Hallo, alter Freund!
Wie geht’s dir im fernen Südsudan? Wieder ein neues Land, unter afrikanischen Umständen Projekte hochziehen, um helfen zu können.  Wie geht´s den Menschen dort, wie werdet ihr ihnen helfen können? Was uns hier betrifft, sage ich dir ganz ehrlich: Zur Zeit scheint mir, als würden auch hier viele Menschen zumindest einen Denkanstoß brauchen können.

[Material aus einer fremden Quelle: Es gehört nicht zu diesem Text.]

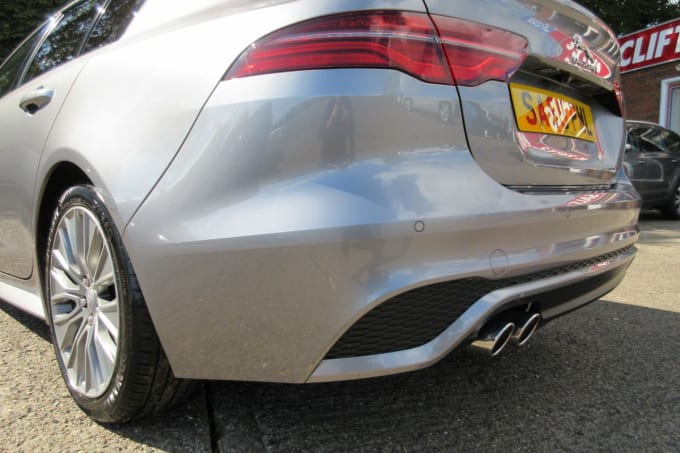 2019 Jaguar Xe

Das beginnt bei der Schmierenkomödie, die sich in den Wochen vor dem Weltklimagipfel abspielt. Da die Wissenschaft weltweit dringend Maßnahmen gegen den Klimawandel einfordert, werden im Gegenzug Geschichten in den Medien verbreitet, wonach alle diese Forscher weltweit quasi in Absprache den Klimawandel sehr, sehr stark aufgeblasen, wenn nicht gar erfunden haben. Ein paar Hacker hätten das ihrem E-Mailverkehr entnommen. Ging rund um die Welt, alle, die dem Thema überhaupt Aufmerksamkeit schenken, haben davon gehört.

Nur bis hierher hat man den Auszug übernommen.